Exercise objective: Of the entries below, return exactly those lines that fall between the one containing "5 Yards 6–25" and the one containing "parure plaque or - photo numéro 3", the two end lines included.

[Data provided — start]

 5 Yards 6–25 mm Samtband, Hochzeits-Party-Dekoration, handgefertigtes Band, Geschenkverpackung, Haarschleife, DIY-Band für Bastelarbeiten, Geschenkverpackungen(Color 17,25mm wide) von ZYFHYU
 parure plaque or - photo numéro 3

[Data provided — finish]
[Data provided — start]

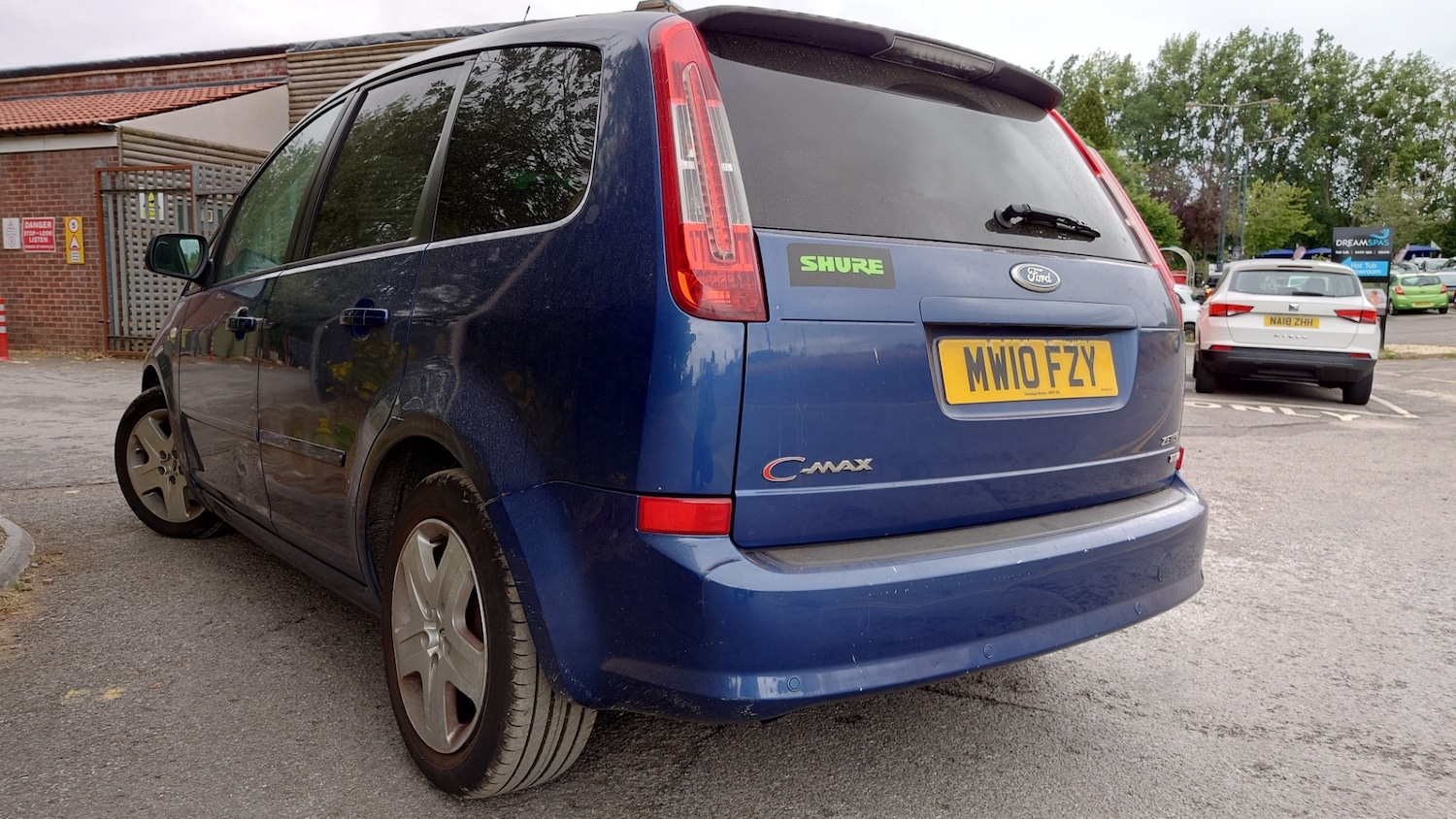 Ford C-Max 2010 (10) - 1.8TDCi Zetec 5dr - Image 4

[Data provided — finish]
[Data provided — start]

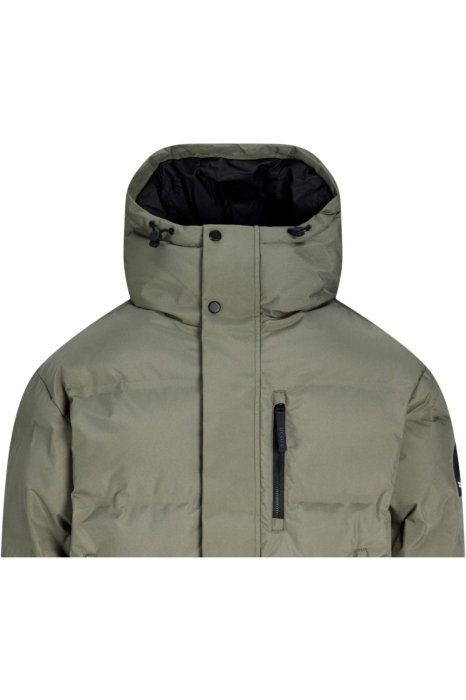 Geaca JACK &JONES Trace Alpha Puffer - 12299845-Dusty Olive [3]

[Data provided — finish]

Task response:
 5 Yards 6–25 mm Samtband, Hochzeits-Party-Dekoration, handgefertigtes Band, Geschenkverpackung, Haarschleife, DIY-Band für Bastelarbeiten, Geschenkverpackungen(Color 17,25mm wide) von ZYFHYU
 parure plaque or - photo numéro 3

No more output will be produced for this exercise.